● **Problem**
Word for word, print out all of the data, omitting every image.

● **Dataset content**
# # # #

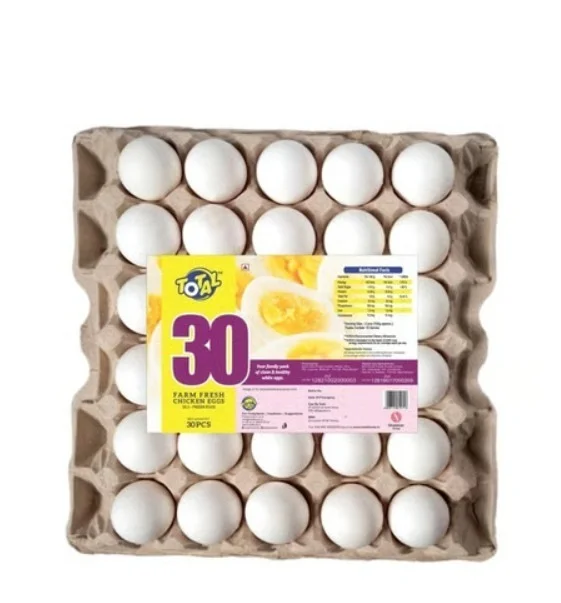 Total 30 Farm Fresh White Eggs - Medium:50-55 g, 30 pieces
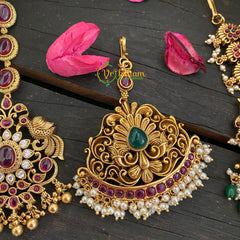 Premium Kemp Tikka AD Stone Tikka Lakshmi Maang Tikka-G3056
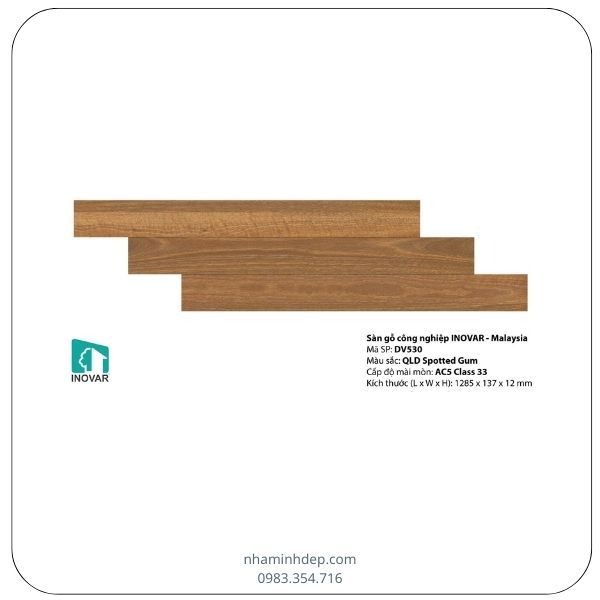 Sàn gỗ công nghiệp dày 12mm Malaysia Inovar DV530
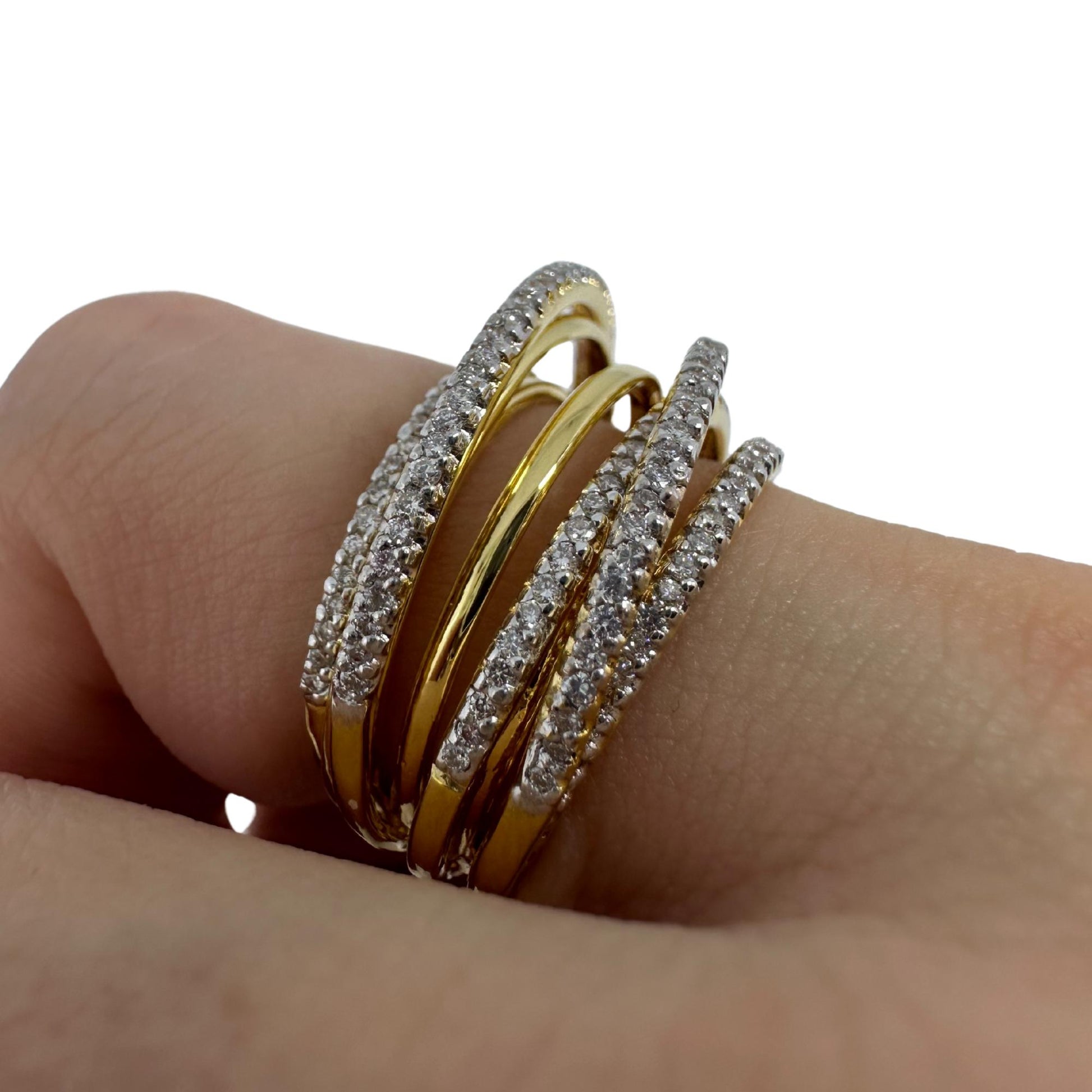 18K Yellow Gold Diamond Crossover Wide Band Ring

# # # #

● **Task output**
 Total 30 Farm Fresh White Eggs - Medium:50-55 g, 30 pieces
 Premium Kemp Tikka AD Stone Tikka Lakshmi Maang Tikka-G3056
 Sàn gỗ công nghiệp dày 12mm Malaysia Inovar DV530
 18K Yellow Gold Diamond Crossover Wide Band Ring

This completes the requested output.